(Short descriptive text snippets)
- - - -

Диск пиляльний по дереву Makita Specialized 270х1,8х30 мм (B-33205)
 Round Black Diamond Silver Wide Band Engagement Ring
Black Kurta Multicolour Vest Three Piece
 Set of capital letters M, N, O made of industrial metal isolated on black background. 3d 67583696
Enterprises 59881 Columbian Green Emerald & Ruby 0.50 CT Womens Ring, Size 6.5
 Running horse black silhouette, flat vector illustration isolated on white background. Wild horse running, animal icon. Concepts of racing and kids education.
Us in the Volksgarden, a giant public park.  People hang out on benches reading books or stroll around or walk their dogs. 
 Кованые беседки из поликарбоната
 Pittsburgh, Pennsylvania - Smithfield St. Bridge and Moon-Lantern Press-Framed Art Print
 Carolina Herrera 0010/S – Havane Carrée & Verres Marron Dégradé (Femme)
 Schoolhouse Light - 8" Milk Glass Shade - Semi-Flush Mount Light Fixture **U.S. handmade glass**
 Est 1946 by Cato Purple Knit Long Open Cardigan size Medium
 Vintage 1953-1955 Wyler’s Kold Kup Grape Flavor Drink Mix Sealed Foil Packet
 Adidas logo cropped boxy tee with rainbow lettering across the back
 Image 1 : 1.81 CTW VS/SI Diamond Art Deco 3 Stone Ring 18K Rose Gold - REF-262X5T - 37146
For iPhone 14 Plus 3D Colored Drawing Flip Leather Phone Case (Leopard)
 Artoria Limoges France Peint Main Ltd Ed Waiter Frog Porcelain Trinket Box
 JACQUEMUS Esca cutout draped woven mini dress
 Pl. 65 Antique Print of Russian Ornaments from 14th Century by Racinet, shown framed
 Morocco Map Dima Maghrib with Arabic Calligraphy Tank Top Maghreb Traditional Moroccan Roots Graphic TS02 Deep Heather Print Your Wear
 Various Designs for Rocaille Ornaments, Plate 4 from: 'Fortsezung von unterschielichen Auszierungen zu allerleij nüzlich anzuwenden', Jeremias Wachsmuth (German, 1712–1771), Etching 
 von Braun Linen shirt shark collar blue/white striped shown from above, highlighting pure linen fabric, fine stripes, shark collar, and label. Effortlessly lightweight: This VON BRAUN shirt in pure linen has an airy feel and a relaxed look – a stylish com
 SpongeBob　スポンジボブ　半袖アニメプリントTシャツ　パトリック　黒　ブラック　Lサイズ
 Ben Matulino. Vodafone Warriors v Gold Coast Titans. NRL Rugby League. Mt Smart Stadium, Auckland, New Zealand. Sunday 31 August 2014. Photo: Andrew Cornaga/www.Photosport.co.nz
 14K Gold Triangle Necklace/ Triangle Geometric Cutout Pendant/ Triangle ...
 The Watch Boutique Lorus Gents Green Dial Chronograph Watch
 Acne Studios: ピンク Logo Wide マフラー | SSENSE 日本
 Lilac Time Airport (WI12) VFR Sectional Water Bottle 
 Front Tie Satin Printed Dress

- - - -

What the task asks |
Reproduce exactly the line that holds "Adidas logo cropped", then every line after it, ending with the final line of the records above.

Task response |
 Adidas logo cropped boxy tee with rainbow lettering across the back
 Image 1 : 1.81 CTW VS/SI Diamond Art Deco 3 Stone Ring 18K Rose Gold - REF-262X5T - 37146
For iPhone 14 Plus 3D Colored Drawing Flip Leather Phone Case (Leopard)
 Artoria Limoges France Peint Main Ltd Ed Waiter Frog Porcelain Trinket Box
 JACQUEMUS Esca cutout draped woven mini dress
 Pl. 65 Antique Print of Russian Ornaments from 14th Century by Racinet, shown framed
 Morocco Map Dima Maghrib with Arabic Calligraphy Tank Top Maghreb Traditional Moroccan Roots Graphic TS02 Deep Heather Print Your Wear
 Various Designs for Rocaille Ornaments, Plate 4 from: 'Fortsezung von unterschielichen Auszierungen zu allerleij nüzlich anzuwenden', Jeremias Wachsmuth (German, 1712–1771), Etching 
 von Braun Linen shirt shark collar blue/white striped shown from above, highlighting pure linen fabric, fine stripes, shark collar, and label. Effortlessly lightweight: This VON BRAUN shirt in pure linen has an airy feel and a relaxed look – a stylish com
 SpongeBob　スポンジボブ　半袖アニメプリントTシャツ　パトリック　黒　ブラック　Lサイズ
 Ben Matulino. Vodafone Warriors v Gold Coast Titans. NRL Rugby League. Mt Smart Stadium, Auckland, New Zealand. Sunday 31 August 2014. Photo: Andrew Cornaga/www.Photosport.co.nz
 14K Gold Triangle Necklace/ Triangle Geometric Cutout Pendant/ Triangle ...
 The Watch Boutique Lorus Gents Green Dial Chronograph Watch
 Acne Studios: ピンク Logo Wide マフラー | SSENSE 日本
 Lilac Time Airport (WI12) VFR Sectional Water Bottle 
 Front Tie Satin Printed Dress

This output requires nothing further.